The Public Universal Friend (November 29, 1752 – July 1, 1819) was an American preacher born in Cumberland, Rhode Island, to Quaker parents. After suffering a severe illness in 1776, the Friend claimed to have died and been reanimated as a genderless evangelist named the Public Universal Friend, and afterward shunned both birth name and gendered pronouns.
However, in newspapers of our time, they were always referred to as their birth pronouns (she/her) and birth name, which we will give here, only so that you can find the references to the Public Universal Friend in the articles: Jemima Wilkinson.
In androgynous or male clothes, the Friend preached throughout the north-eastern United States, attracting many followers who became the Society of Universal Friends.
The Friend's theology was broadly similar to that of most Quakers. The Friend stressed free will, opposed slavery, and supported sexual abstinence. The most committed members of the Society of Universal Friends were a group of unmarried women who took leading roles in their households and community.

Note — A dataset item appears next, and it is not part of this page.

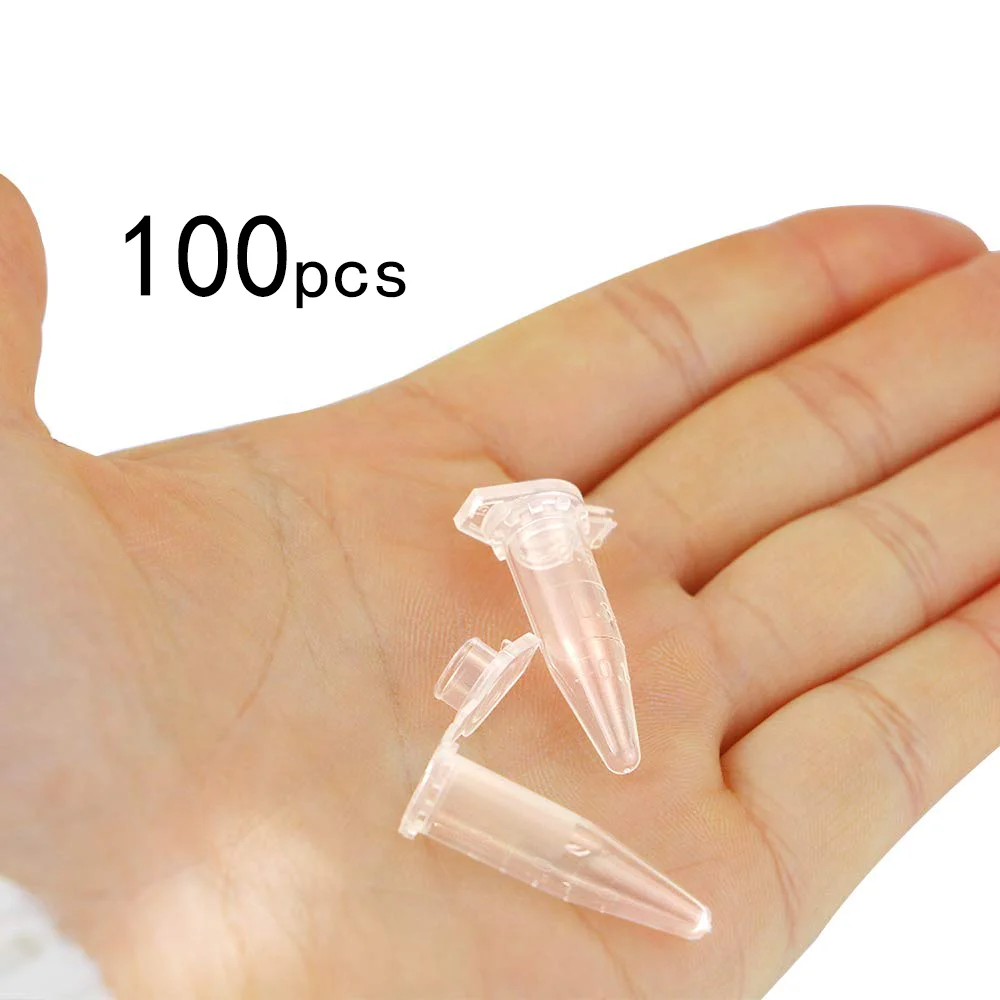 

Microcentrifuge Tubes With Snap Cap 0.2/0.5/1.5ml 100pcs Polypropylene Graduated Not Sterilized Clear Plastic Small Vials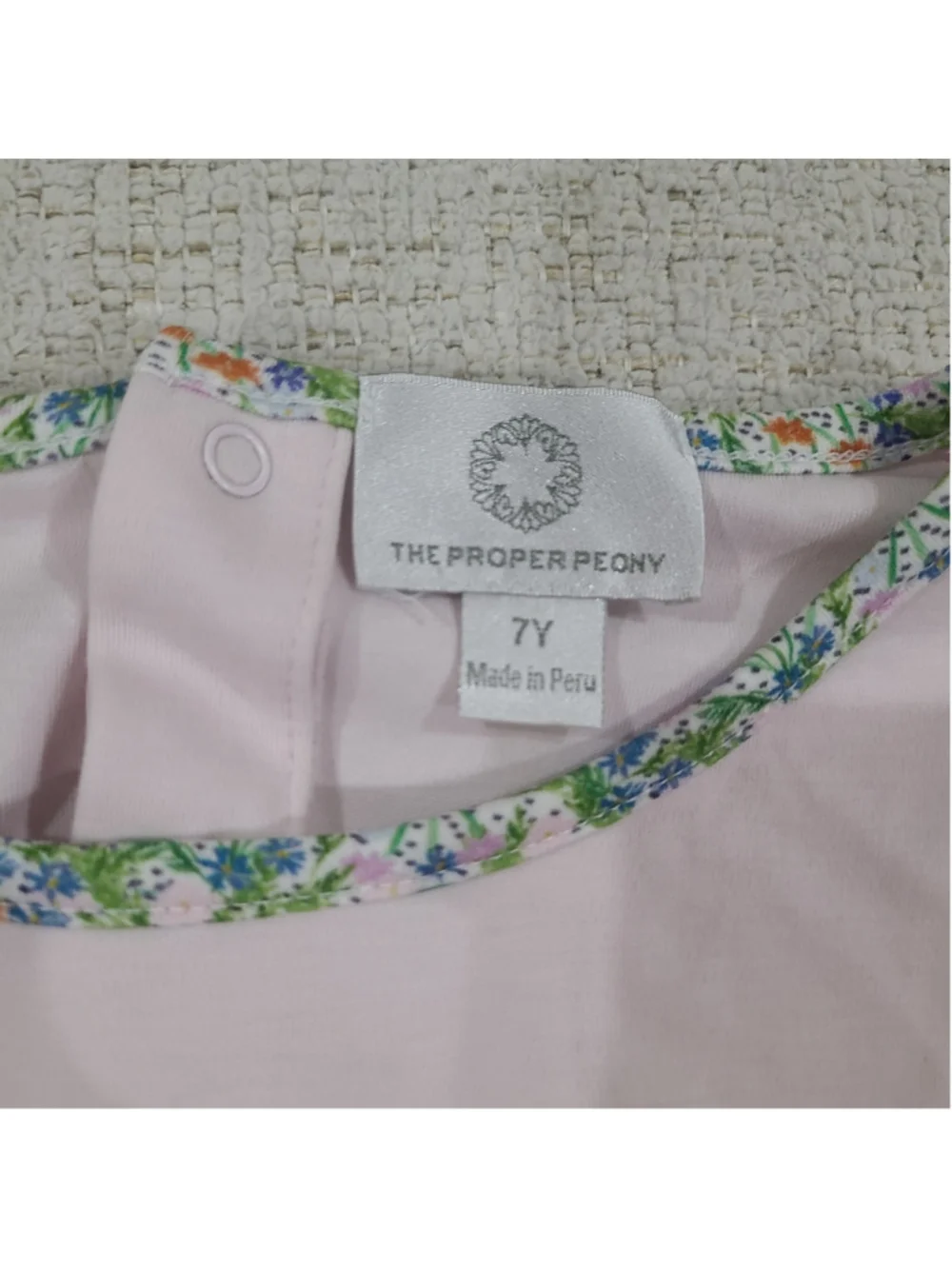 Proper Peony Girls Set Size 7 Pink Top Floral Leggings Boutique Pima Cotton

In the 1790s, members of the Society acquired land in Western New York where they formed the town of Jerusalem near Penn Yan, New York. The Society of Universal Friends ceased to exist by the 1860s. Many writers have portrayed the Friend as a woman, and either a manipulative fraudster, or a pioneer for women's rights; others have viewed the Friend as transgender or non-binary and a figure in trans history.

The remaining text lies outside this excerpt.